Why we heal: The evolution of psychological healing and implications for global mental health

Document Type

Journal Article

Publication Date



Clinical Psychology Review






Evolution; Medical anthropology; Mental health; Placebo effect; Psychotherapy; Traditional medicine


Why do humans heal one another? Evolutionary psychology has advanced our understanding of why humans suffer psychological distress and mental illness. However, to date, the evolutionary origins of what drives humans to alleviate the suffering of others has received limited attention. Therefore, we draw upon evolutionary theory to assess why humans psychologically support one another, focusing on the interpersonal regulation of emotions that shapes how humans heal and console one another when in psychosocial distress.

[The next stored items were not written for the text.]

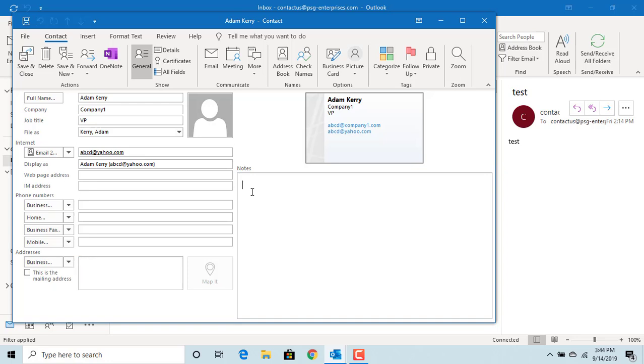After entering all the information, click on Save and Close to save the contact. Outlook adds the contact to the address book.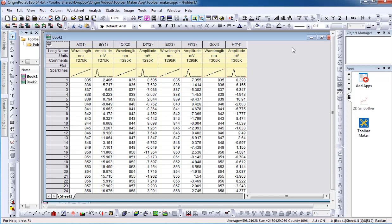The Toolbar Maker app is an add-on feature which can be downloaded and installed onto the Origin interface. This app allows users to easily create simple and personal toolbar buttons that will run as a script when applied.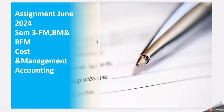Hello friends, today's video is for the assignment cycle June 2024. This is for semester three of Finance Management, Business Management, Banking and Finance Management.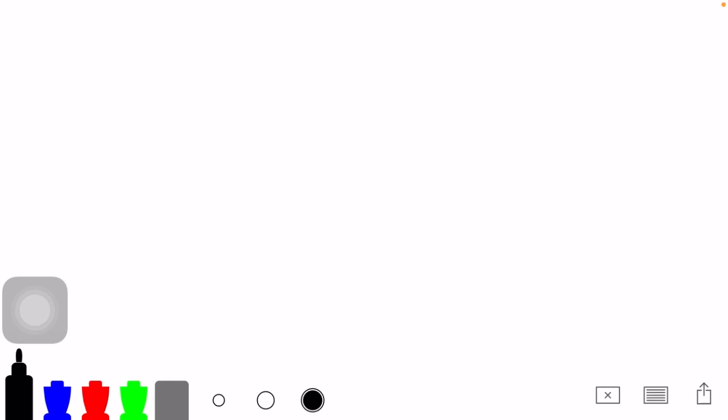Well, you know how in math, with addition, 1 plus 7, you go 7 down.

To understand why we engage in psychological healing, we review the evolution of cooperation among social species and the roles of emotional contagion, empathy, and self-regulation. We discuss key aspects of human biocultural evolution that have contributed to healing behaviors: symbolic logic including language, complex social networks, and the long period of childhood that necessitates identifying and responding to others in distress. However, both biological and cultural evolution also have led to social context when empathy and consoling are impeded. Ultimately, by understanding the evolutionary processes shaping why humans psychologically do or do not heal one another, we can improve our current approaches in global mental health and uncover new opportunities to improve the treatment of mental illness across cultures and context around the world.